Friday, March 20, 2015

Welcome to my brain

I have been feeling like I need to write almost constantly lately, which would be great if I was writing. I'm not most of the time because of the baby. He's teething and occasionally miserable these days. Between that and the reality that I live in my car shuttling kids around all day, I just don't get much time to sit here and peck away.

I'm giving myself 20 minutes today to get as much out as I can before I have to go do all the things.

ALL THE THINGS.

Which means also that I need to take a shower and put on pants and be presentable to the world and resist the urge to snarl at humans.


Right now, that's asking a lot.

Anyway, it's been a week around here.

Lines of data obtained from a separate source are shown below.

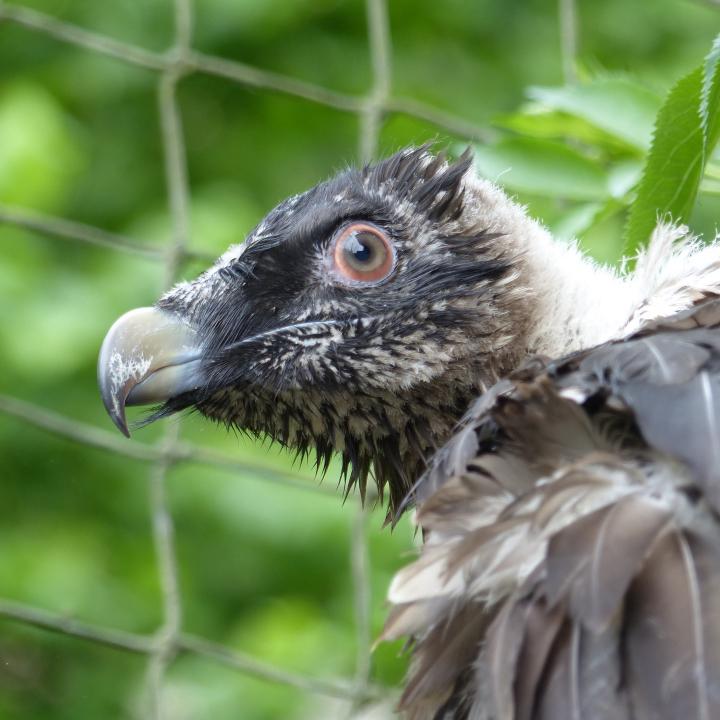 Fredueli im Natur- und Tierpark Goldau (c) Daniel Hegglin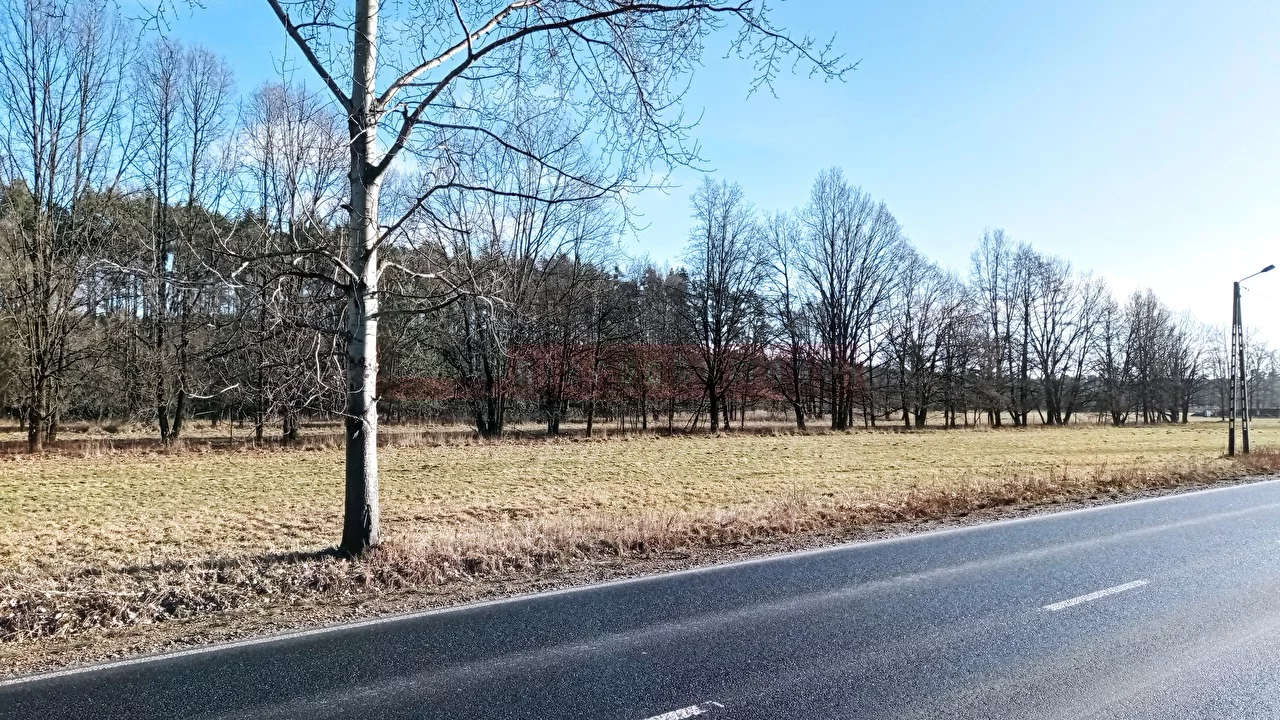 14261 - zdjęcie nr 0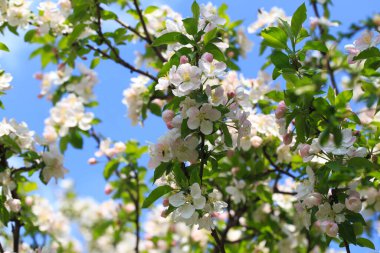 Bahar bahçesinde çiçek açan elma ağacı. Doğal çiçekli arka plan. Ağaçtaki beyaz çiçeklere yaklaş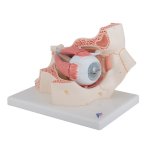 Auge in Augenh&ouml;hle-Modell, 3-fache Gr&ouml;&szlig;e, 7-tlg - 3B Smart Anatomy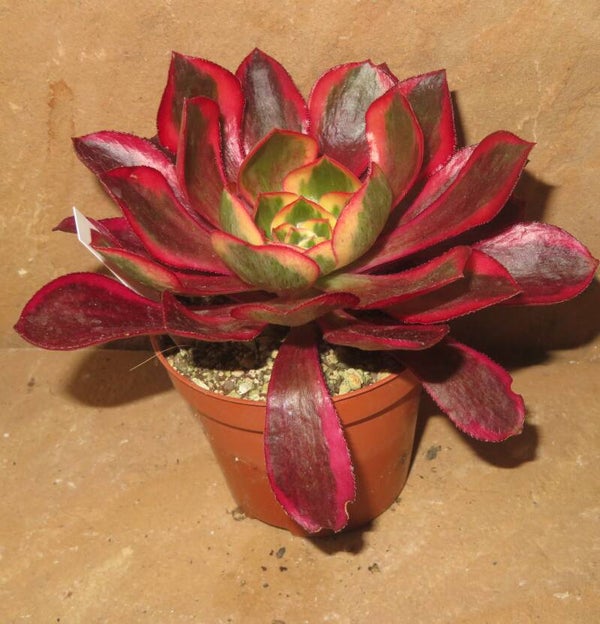Aeonium cv Phantom variegata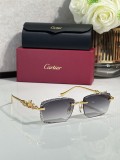 Shop Eyeglasses For Men Cartier CT01821O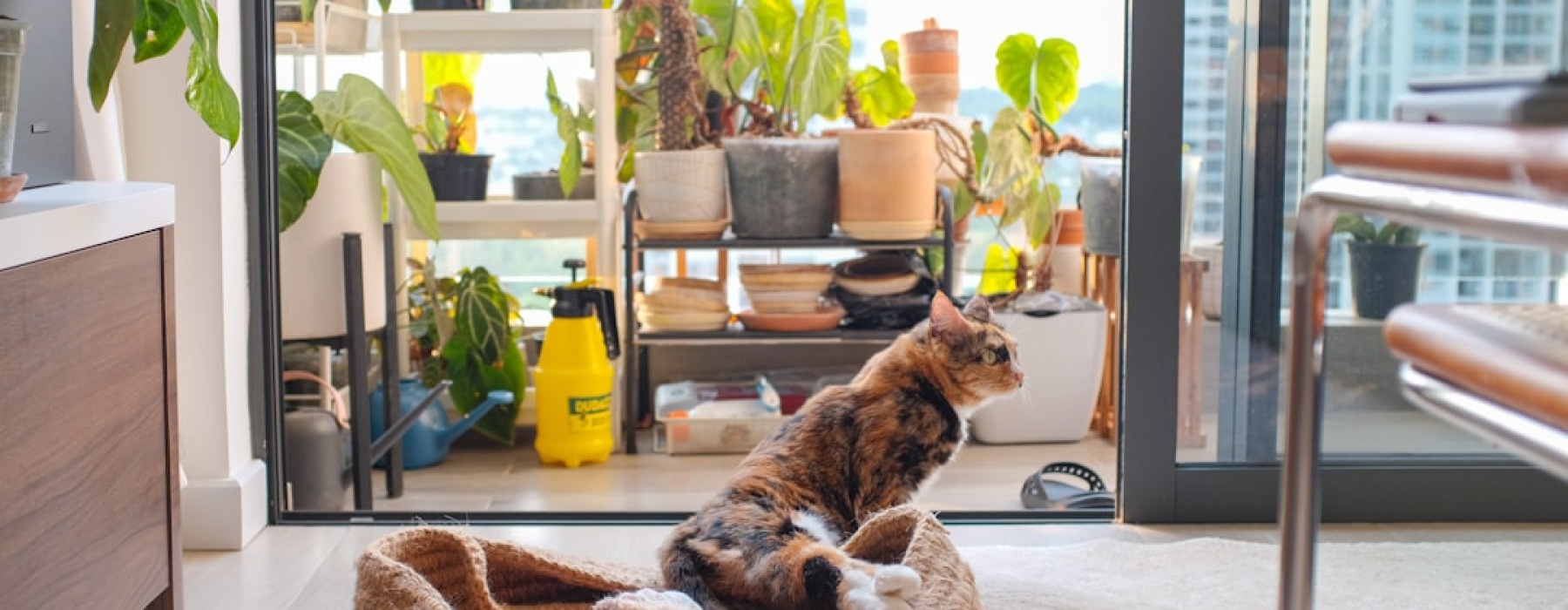 pet-friendly apartments chicago - pet-friendly apartments chicago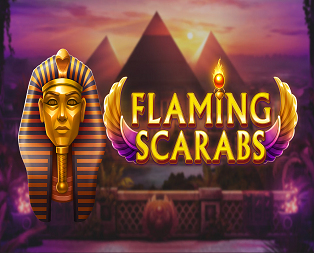 
                            Flaming Scarabs AZ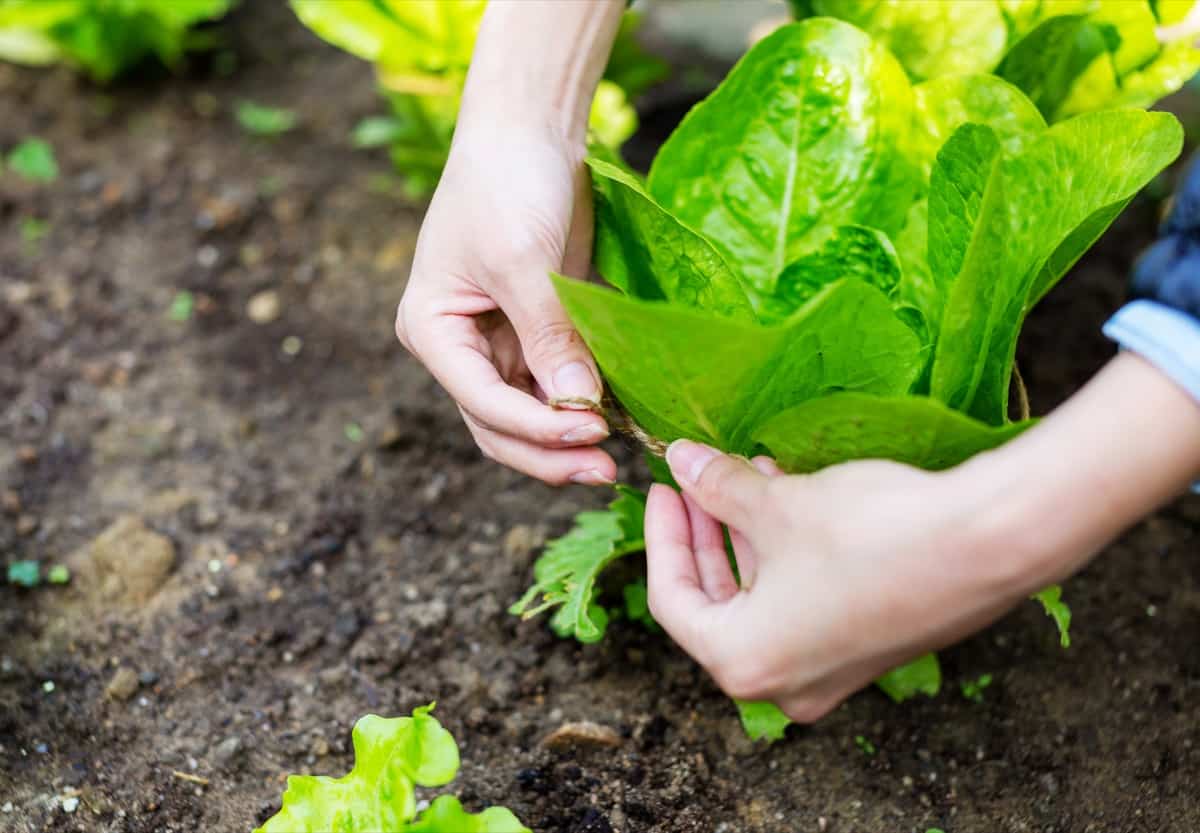 Top 20 Lettuce Varieties to Grow in Your Garden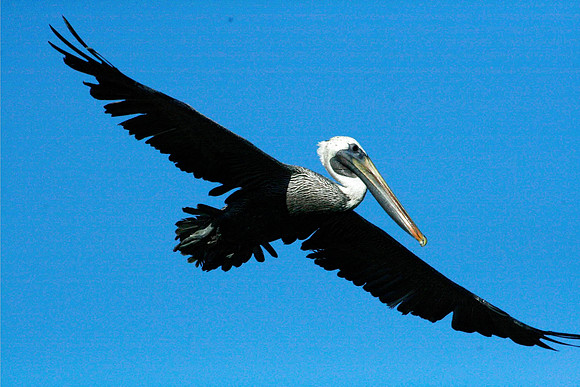Pelican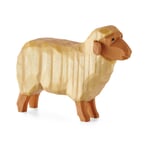 Sheep Light Coloured Standing
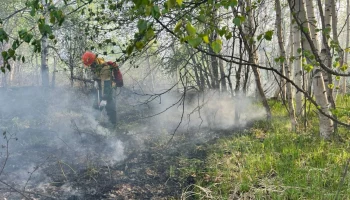 Успешно ликвидирован лесной пожар в Мильковском лесничестве на Камчатке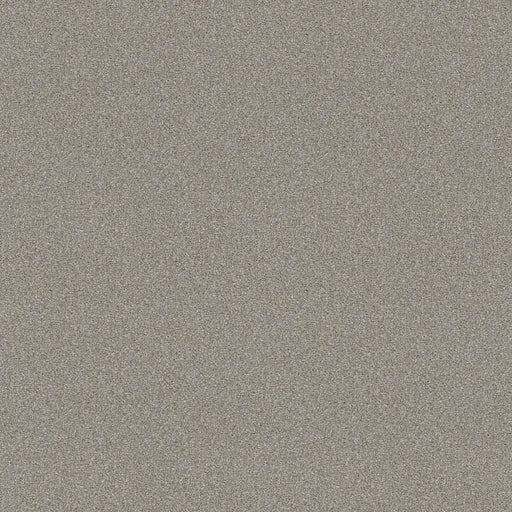 Shaw Floors - Carpet - Simply The Best  - Attainable - Soft Fleece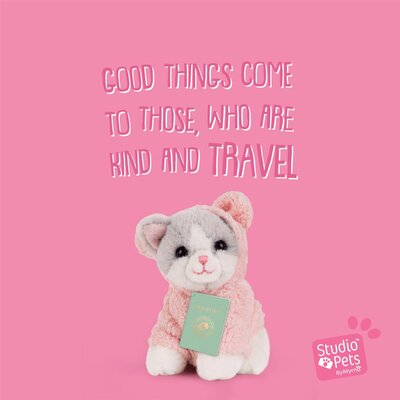 Mini Kitten Ragdoll Mousie (incl. paspoort en stickerboekje)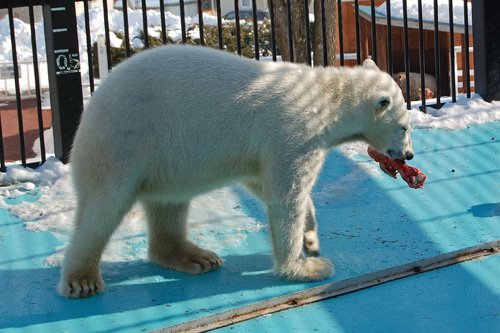 2月2日のホッキョクグマ舎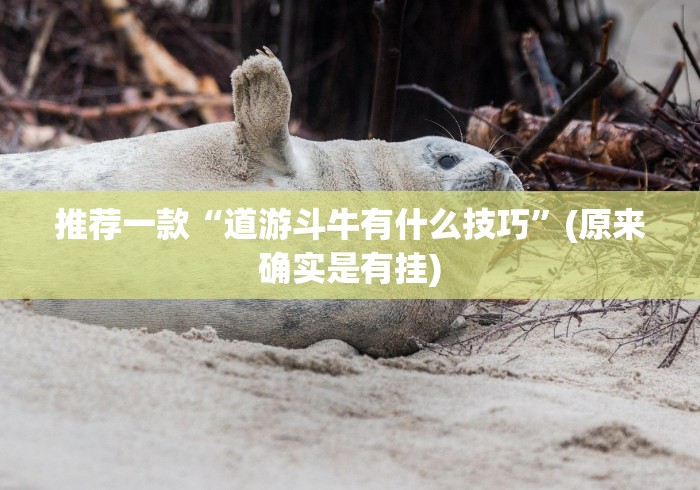 推荐一款“道游斗牛有什么技巧”(原来确实是有挂)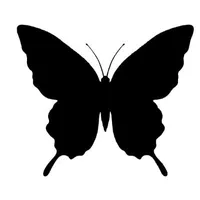 mọi người có mặt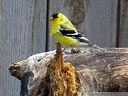 American Goldfinch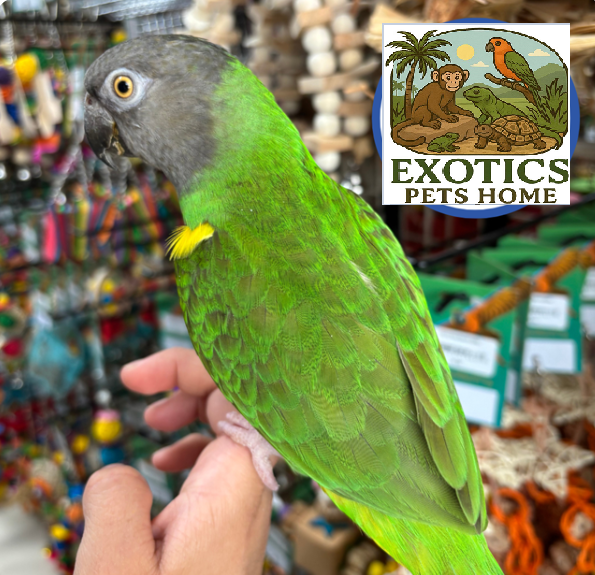 Senegal Parrot - Female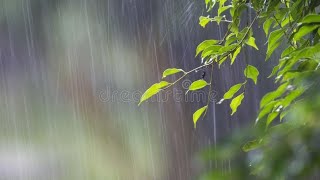 Rain Video ( WhatsApp Rain Status ) Barish Status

I was already in a weird place then all the horrible things happened that happened here in town and now I'm just numb.

As it always does, though, life goes on regardless of what else happens and even though tragedy struck here pretty profoundly this week, there are still things that need done because there are still things scheduled for this weekend.

That pesky life thing. Always going on and such.

Anyhow.

I'm moody about writing. I'll tell you why. Actually there are a few reasons.

The first is that it's still bizarre to me that complete strangers read what I write. It's cool and I love it almost all the time but there are times that it freaks me out a little bit.

I had someone from my fan page share a picture of one of my kids this week. It seems like there is a language barrier and some misunderstanding about who I am, but it is still creepy as hell. It makes me want to stop sharing pictures of my kids. Gah.

I went through and yanked a ton of old posts here about my kids too. Mostly because they are old posts and no one but me ever read them anyway, but also because I'm freaked out.

This internet is a strange place you guys.

I wrote about the local tragedies yesterday for a few reasons. The main reason is that it's just how I process stuff, and I was upset by the comments that I was seeing all over the place, the assumptions made about this city, the mental health piece that tends to get overlooked once something horrible happens. As it turns out, both of these events weren't exactly isolated, totally unpredictable things. There were warning signs, signs that people ignored, signs that should have thrown up red flags. That all makes it more tragic, I think because it decreases the element of chance. It's not just random violence if there are warnings it is coming.

We seriously need to do better.

Anyway, that post that I wrote yesterday...it did what the posts that I tend to write in response to emotional news stories do, and it went viral. Mildly.

I expressed sadness and frustration about that to my husband, about how I hate that the stories I write about the worst things that happen in our world seem to so often be the ones that are read by the most people. He made some comment about how maybe that was just my niche.

I write other things, people of Earth. I promise. You can read them too.

Sigh.

I don't want to be known as the bearer of bad news.

There are so many good things to share, so many good stories to tell. Today is apparently international happiness day, and it's the first day of Spring....so let's shower and put on pants and go outside, you guys.

Who is with me?

Hooray Spring!

Achoo.

Sorry....I'm allergic to outside. Bring some tissues.